Source data.

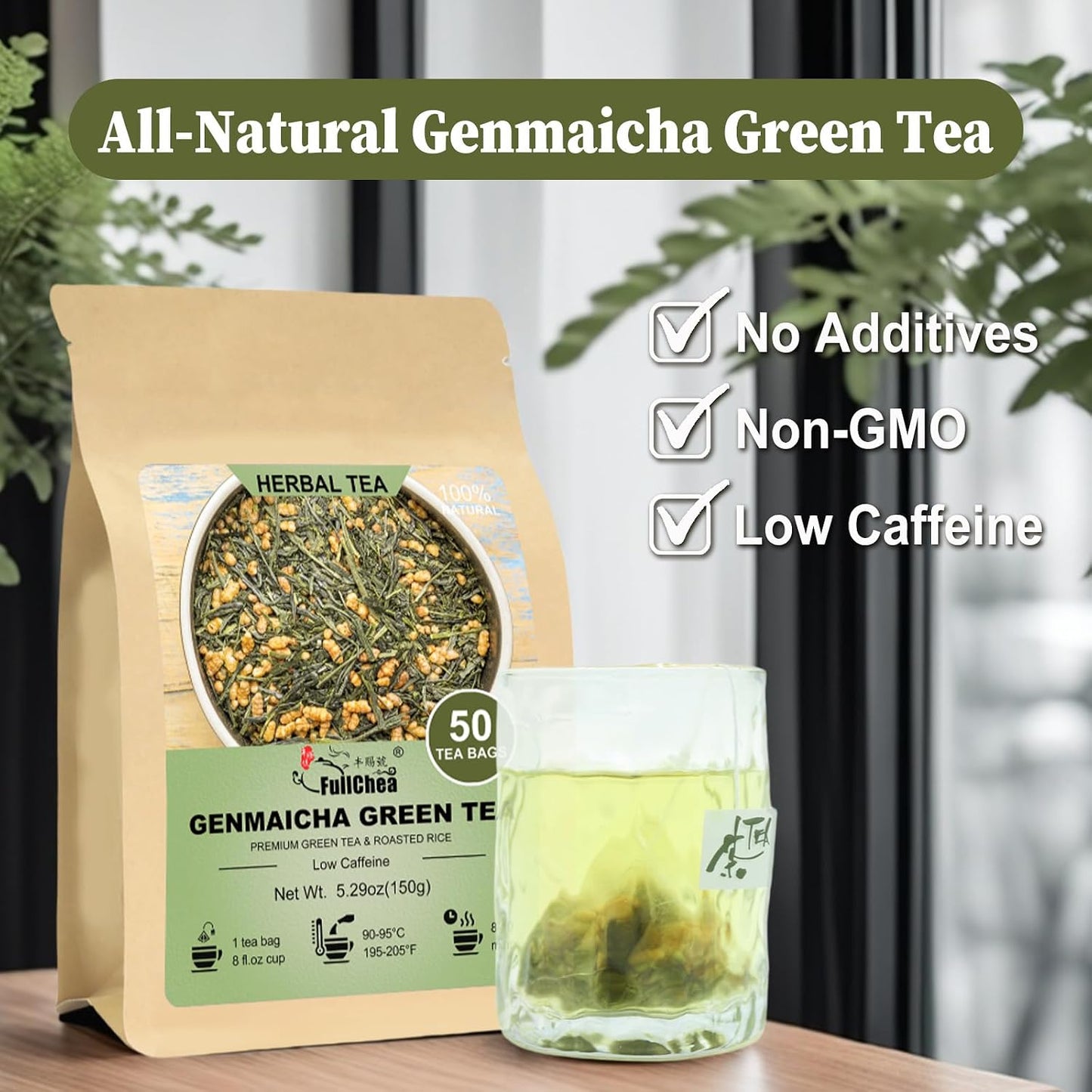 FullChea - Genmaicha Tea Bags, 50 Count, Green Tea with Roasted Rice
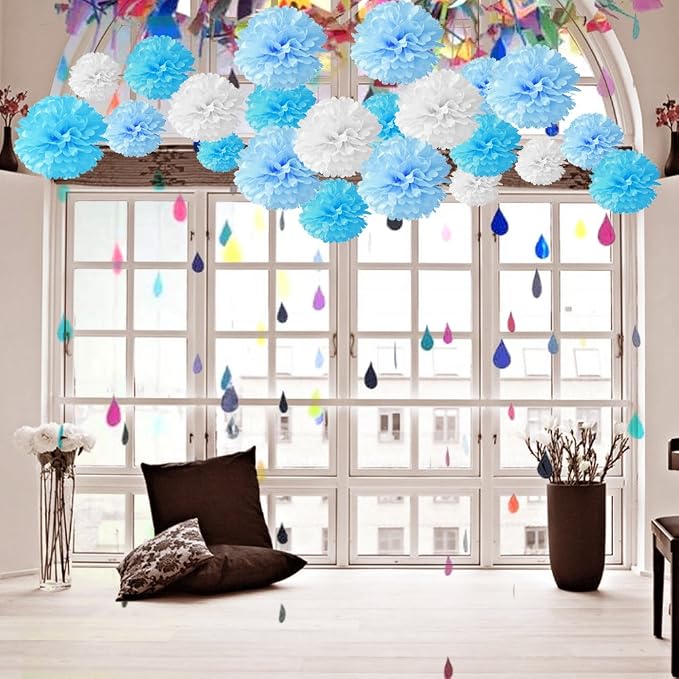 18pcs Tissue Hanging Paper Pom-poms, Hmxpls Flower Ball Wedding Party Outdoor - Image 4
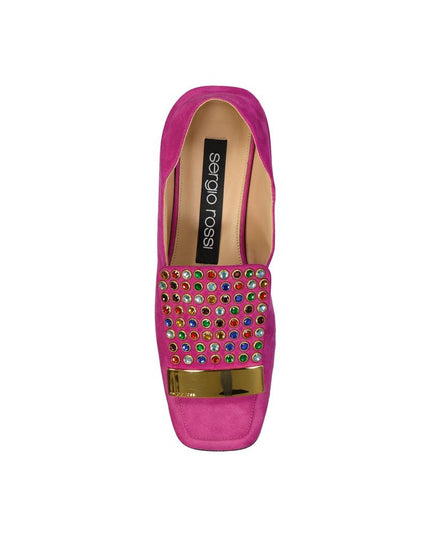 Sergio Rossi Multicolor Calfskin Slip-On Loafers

What is needed. Retype the data word for word and keep the pictures out of it.

Output below.
 FullChea - Genmaicha Tea Bags, 50 Count, Green Tea with Roasted Rice
 18pcs Tissue Hanging Paper Pom-poms, Hmxpls Flower Ball Wedding Party Outdoor - Image 4
 Sergio Rossi Multicolor Calfskin Slip-On Loafers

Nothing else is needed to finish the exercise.